The Big Tent Folds

Portraits of two Republican caucuses--one suburban, one urban-- underline the growing polarities in GOP ranks.

Apple Valley, Precinct 5

NOT SO LONG ago there were corn fields where Apple Valley Precinct 5 now exists; three decades ago, the city didn't exist even in name. But today Apple Valley High School is a massive brick-faced complex that bursts at the seams with the baby boom's children. There are close to 400 Republicans here tonight, twiddling their thumbs as the state senator expounds on the virtues of democracy and tells everyone to come visit the state Capitol.

It's the third-best-attended caucus in Apple Valley history, and Precinct 5--on the southeast of town, encompassing both a lake and a trailer park--has the biggest attendance. People are clustered around the tables in the orange-carpeted library, laughing, shaking hands, and peering furtively at strangers. "The other side is pretty organized this time," a guy with a mustache says to Lilly Awsumb. "Did you bring a list?" She nods.
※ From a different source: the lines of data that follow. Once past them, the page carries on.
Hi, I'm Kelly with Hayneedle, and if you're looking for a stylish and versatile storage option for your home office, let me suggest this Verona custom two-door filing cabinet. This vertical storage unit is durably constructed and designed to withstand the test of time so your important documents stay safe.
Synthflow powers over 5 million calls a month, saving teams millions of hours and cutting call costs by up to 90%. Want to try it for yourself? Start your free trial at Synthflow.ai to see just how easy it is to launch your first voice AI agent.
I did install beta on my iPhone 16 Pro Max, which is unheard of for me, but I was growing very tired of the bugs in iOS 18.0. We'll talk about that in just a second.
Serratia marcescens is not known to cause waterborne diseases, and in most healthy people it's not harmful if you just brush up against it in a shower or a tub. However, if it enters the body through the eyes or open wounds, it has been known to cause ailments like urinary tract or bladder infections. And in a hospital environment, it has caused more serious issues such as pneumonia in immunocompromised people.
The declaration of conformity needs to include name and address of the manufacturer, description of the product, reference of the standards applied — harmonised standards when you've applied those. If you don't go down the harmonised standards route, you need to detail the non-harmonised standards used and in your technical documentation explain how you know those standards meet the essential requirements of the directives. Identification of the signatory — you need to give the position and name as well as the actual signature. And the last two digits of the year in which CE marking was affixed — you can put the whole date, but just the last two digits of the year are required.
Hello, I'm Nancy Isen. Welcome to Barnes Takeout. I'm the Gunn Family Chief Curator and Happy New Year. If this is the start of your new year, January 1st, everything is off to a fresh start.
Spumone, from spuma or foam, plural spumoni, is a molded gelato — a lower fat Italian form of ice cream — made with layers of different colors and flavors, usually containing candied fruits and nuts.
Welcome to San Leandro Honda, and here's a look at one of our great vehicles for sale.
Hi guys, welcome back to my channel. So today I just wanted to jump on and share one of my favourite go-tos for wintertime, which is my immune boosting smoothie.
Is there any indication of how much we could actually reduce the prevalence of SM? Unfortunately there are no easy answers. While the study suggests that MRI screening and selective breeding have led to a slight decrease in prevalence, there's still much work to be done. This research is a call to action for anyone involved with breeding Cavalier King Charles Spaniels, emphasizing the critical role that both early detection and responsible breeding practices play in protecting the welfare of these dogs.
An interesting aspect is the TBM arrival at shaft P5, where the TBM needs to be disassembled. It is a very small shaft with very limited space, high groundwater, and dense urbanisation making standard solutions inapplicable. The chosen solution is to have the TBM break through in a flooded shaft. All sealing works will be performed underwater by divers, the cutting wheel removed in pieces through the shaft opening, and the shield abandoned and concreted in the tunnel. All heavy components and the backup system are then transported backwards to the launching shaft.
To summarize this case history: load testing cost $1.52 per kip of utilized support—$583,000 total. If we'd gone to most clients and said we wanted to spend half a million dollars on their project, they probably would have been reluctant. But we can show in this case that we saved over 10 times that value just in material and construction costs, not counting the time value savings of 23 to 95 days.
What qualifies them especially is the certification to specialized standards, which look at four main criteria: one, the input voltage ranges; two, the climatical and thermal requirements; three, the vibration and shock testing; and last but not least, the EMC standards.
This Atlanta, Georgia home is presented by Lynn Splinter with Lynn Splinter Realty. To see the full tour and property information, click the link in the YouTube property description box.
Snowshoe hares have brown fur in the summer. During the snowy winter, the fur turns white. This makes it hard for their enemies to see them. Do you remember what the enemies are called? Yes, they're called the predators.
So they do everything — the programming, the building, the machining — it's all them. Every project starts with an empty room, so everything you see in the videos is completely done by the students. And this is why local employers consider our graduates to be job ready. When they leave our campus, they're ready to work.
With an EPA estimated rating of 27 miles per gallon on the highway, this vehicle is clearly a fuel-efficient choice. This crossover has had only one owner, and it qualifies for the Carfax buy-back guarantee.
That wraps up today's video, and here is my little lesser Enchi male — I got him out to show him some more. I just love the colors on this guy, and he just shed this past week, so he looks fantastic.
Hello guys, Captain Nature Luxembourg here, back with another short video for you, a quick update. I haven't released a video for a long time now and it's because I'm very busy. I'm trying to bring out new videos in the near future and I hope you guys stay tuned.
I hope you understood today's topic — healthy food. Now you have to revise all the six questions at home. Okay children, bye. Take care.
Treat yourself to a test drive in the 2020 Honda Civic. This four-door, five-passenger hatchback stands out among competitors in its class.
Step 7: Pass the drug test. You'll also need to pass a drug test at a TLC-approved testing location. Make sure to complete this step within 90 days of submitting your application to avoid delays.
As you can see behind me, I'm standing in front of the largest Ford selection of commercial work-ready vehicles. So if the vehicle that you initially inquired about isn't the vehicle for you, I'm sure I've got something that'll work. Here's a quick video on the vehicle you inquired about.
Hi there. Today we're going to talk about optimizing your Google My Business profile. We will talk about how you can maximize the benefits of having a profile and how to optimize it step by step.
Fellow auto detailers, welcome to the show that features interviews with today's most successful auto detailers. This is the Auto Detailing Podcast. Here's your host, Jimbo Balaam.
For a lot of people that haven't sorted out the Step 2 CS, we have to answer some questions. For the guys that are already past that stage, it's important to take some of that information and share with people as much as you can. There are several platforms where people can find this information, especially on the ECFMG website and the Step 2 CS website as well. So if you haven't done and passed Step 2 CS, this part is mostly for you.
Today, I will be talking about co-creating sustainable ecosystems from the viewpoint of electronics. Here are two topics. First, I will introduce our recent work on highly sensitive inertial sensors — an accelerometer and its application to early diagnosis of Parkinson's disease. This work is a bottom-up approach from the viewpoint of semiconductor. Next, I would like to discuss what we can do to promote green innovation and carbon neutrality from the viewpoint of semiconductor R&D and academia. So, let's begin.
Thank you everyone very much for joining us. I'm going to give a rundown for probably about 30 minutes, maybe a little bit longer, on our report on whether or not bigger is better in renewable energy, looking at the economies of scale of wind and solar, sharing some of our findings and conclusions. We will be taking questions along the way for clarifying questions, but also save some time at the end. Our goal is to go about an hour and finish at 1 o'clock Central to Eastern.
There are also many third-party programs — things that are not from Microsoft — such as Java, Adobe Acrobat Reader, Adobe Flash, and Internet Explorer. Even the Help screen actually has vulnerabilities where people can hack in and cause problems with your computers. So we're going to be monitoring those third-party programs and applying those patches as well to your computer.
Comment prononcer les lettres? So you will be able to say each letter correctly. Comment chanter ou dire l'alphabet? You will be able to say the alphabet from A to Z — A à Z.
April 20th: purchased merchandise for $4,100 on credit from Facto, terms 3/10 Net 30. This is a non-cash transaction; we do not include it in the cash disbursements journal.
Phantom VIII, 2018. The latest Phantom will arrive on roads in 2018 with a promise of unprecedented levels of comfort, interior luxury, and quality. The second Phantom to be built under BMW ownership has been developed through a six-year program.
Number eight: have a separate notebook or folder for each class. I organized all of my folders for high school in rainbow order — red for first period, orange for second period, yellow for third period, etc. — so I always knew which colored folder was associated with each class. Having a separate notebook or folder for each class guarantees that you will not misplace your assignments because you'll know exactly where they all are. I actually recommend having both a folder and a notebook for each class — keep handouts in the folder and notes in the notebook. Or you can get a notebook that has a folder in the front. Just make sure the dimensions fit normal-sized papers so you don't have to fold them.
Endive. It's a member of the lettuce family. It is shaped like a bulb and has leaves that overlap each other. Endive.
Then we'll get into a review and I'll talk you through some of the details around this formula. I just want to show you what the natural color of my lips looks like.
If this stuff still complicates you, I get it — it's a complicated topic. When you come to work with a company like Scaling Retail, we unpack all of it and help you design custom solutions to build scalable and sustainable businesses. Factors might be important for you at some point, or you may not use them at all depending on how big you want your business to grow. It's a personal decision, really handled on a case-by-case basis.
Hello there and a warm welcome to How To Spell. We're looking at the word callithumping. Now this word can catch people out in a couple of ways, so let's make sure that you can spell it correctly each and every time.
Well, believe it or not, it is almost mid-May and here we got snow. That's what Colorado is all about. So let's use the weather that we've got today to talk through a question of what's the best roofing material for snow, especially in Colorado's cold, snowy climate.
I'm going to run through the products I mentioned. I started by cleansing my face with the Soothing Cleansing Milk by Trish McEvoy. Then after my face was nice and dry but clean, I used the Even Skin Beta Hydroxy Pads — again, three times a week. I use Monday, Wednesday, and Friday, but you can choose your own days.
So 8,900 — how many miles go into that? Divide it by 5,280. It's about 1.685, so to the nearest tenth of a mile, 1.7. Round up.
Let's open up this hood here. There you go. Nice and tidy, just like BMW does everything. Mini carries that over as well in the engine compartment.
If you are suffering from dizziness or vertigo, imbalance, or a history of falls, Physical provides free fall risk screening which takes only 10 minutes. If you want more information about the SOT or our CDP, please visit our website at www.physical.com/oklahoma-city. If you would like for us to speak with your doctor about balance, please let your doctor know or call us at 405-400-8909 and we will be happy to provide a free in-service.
The evening starts with the routine stuff. Delegate candidates stand to introduce themselves; there's a fair number of retirees and homemakers, along with businesspeople and systems managers from 3M. One guy notes that he's between jobs, "and I have résumés here, if anyone's interested." There's a minor argument over whether people should declare whom they support for president "because there are so many new folks here, and we'd like to know who we're voting for." But Bill Hanley, the white-haired veteran who, as Lilly informs me, always gets elected precinct chair, says that's not really how the party likes it.

You couldn't tell, from the politeness that reigns in the room, that there's a battle going on here. The fault lines are under the surface, communicated only in code. One group of people talk about how they've served in state government and the local sewer commission; a lot of them have lived here "since before there was Apple Valley." Another group have move-in dates from the '80s, kids in school, and usually conclude by saying, "I'm a conservative Republican." Both Awsumbs are in that category. But the heavily Christian movement conservatives are outnumbered. When the straw poll comes back--it needs to be counted right away, so it can get on the 10 o'clock news--45 of the 85 votes are for Dole. Buchanan has 16, Forbes 14, Lamar Alexander three, and Richard Lugar one. Six votes are for Alan Keyes, including two from the Awsumbs, who voted for him because they don't like the way he's been treated.

Some people get up and leave right after the straw poll; at one table, the only guy left sitting is a tall, skinny man who works for the Koch refinery. He won't say who he voted for, except that there are old-line Republicans--farmers--in his family and "you just basically don't stray from the way you grew up." But he likes some of the things Buchanan has to say, especially the stuff about strong moral values, and tariffs. "It's a big hole right now, because the party traditionally has been more for big business," he explains haltingly. "I think someone needs to start talking about it, because if you're just for big business it's going to drag everyone down along with it. A lot of my friends are upset about all the downsizing."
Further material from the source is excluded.